Redistributive Taxation—
Optimal Tax Theory

REFERENCE: Using Elasticities to Derive Optimal Income Tax Rates┬╗
REFERENCE: After Piketty?┬╗

One of the primary policy tools to address economic inequality is redistributive taxation. Redistributive taxation is, obviously, a very contested field of policy. There is a field of economics that aims to derive "optimal taxes," including optimal redistributive income taxes, inheritance taxes, etc. We will discuss some of the basic ideas of this field in the present chapter. A key reference for our discussion is Saez (2001).

Recall that we discussed the distributional impact of changes in prices on individuals' welfare in the previous chapter. What we will do next is very similar, with changing taxes taking the place of changing prices. Additional complications arise because we need to talk about government revenues, and about how to compare the welfare of different people.

There are many different kinds of taxes in practice, including value-added taxes, income taxes, wealth taxes, inheritance taxes, etc. The framework we discuss applies, in principle, to the analysis of all of these.

1. General principles

There are some general principles in common to the analysis of "optimal taxes" for different kinds of taxes:

  1. Marginal policy changes:
    The theory of optimal taxation is concerned with finding policies that maximize some notion of social welfare. As usual, we can characterize maximizers by first order conditions. At the optimum, any (feasible) marginal policy change has no effect on social welfare. We thus need to understand the effect of marginal policy changes on welfare.

  2. Envelope theorem:
    The first key ingredient to understand such marginal changes is the result we proved in the previous chapter: If we (i) measure individual welfare by realized utility and (ii) assume that individuals are maximizing utility subject to the constraints they face, then we can ignore the effect of behavioral responses to policy changes. This result is called the envelope theorem.

  3. Welfare weights:
    The envelope theorem allows us to evaluate the effect of a policy change on any individual, in terms of the amount of dollars that we could equivalently have given or taken from them. But how do we get from there to social welfare? We have to somehow decide how much we care about an additional dollar for a rich person versus an additional dollar for a poor person, or an additional dollar for a disabled person versus for an able-bodied person, etc. It is important to recognize that there is no "scientific" way to make this decision! In particular, it is meaningless from the point of view of economic theory to sum up dollars across people. The decision how to make these trade-offs depends on our moral judgments, and in practice, on the outcome of distributional struggles between different groups.

    If we have settled on how to make these trade-offs between different people, we can express them in terms of welfare weights \(\omega_i\) that measure the value we attach to an additional dollar for person \(i\).
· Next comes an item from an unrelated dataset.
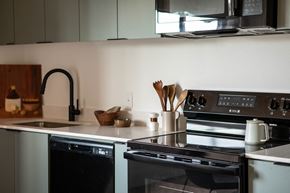Portland apartment for rent - A modern kitchen with a black oven and a black faucet.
  4. Government budget constraint:
    When we think about changing taxes, we also have to think about the impact of these changes on government revenues. One way to do this is to only consider tax changes that do not change total revenues. Another way, which is mathematically equivalent, assumes that there is a marginal value \(\lambda\) of additional government revenues, where \(\lambda\) is on the same scale as the welfare weights \(\omega_i\). This is the approach we will take.

    When we are considering the effect of tax changes on government revenues, we can not ignore behavioral responses to these changes. Usually, the tax base, and thereby government revenues, are affected by such behavioral responses. Rich individuals might for instance respond to a tax increase by exploiting additional loopholes in the tax code or by tax evasion.

  5. Effects on prices:
    When thinking about the effect of changing some tax, we also have to think about how prices and wages are affected by this change. This can be complicated, and is an empirical matter. To simplify our exposition, we will assume in this chapter that prices and wages do not change in response to policy changes.

Let us now state these principles in a more formal way. Suppose we are changing a tax parameter \(\alpha\), individual welfare for person \(i\) is given by \(v_i\), and government revenues are given by \(g\). A choice of \(\alpha\) is optimal if

$$ \partial_\alpha SWF = 0. $$

Adding up all components of social welfare, and using the appropriate welfare weights, we get

$$ \begin{equation} \partial_\alpha SWF = \sum_i \omega_i \cdot \partial_\alpha v_i + \lambda \cdot \partial_\alpha g. \end{equation} $$

The envelope theorem tells us that \(\partial_\alpha v_i\) can be calculated as the effect on the individual's budget constraint, holding behavior constant.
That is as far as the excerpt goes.